If you have ever seen CERRITO, you already know you will experience a rare entertaining combination of country music, romance and a spice of international flavor. He shifts effortlessly between Spanish and English converting country fans to his unique muy caliente sound with a show that’s spicier than your Momma’s jalapeno corn bread. While American audiences are still discovering CERRITO, he has won fans internationally touring Mexico, Europe, Japan, Honduras and the United Kingdom.
A love of music and entertaining came naturally to William Thomas Cerrito, one of six growing up in Providence, Rhode Island in a tight knit, multilingual, Italian family. His journey in the music industry is a story in its own and now he is concentrating on a new chapter as he puts his focus on a new project. CERRITO invited me to share time with him to talk about this new project as well as his past and the future.
Bev: I have heard some of the new CD “Cerrito y Las Chicas de Country” and it is so original and refreshing and you have quite a line up of duet partners.

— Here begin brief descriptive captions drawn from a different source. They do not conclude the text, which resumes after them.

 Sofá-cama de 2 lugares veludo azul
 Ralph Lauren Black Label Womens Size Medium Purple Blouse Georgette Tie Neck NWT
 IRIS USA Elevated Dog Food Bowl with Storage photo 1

How did this come to fruition?
CERRITO: I am so happy about “South of the Border.” My first single off the album, Cerrito y Las Chicas de Country (Cerrito and the Girls of Country) is “South of the Border.” (It) is one of the duets with Lane Brody. All of the songs on the album are bilingual duets. It’s never been done in the history of any genre of music. Cerrito y Las Chicas de Country is going to be a monumental album in country music. When you hear the girls sing Spanish, you’re not going to believe it. Most of the girls on the album I met during the course of my career; at the Academy of Country Awards and of course, the CMA’s. I approached the girls, but the girls - Las Chicas – actually picked the songs that they wanted. Being the title of the album is Cerrito y Las Chicas de Country, what a better way than to kick off the album with Ms. “The Yellow Rose of Texas” with “South of the Border. [Editor’s Note: “The Yellow Rose of Texas” is a reference to Lane’s 1984 hit single.] It’s very Mexi-Cali with trumpets, guitars – it’s just beautiful!
Bev: I know you’re doing a lot of promotions here for the song. What else have you got going on?

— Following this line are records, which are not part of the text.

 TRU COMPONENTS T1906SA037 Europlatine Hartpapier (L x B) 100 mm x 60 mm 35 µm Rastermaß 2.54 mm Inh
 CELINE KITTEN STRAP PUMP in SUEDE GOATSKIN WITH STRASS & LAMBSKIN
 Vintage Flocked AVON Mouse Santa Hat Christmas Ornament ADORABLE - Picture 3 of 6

CERRITO: We have full promoters on the album. I just did a wonderful interview with “The Linnda Durre Show,” out of Orlando, Florida. I have been to the New England area to promote. I performed at the CMA Music Festival this year with another of my duet partners, Lynn Anderson. We’ve had tremendous press with it. It’s just amazing the press that is coming through! It’s a good summer song. You can see people driving and singing along. I am also doing a very special show with Lane Brody and Rodney Crowell, Emily West, John Anderson, Robin Meade to raise funds for Walden's Puddle Wildlife Rehabilitation and Education Center on August 21st.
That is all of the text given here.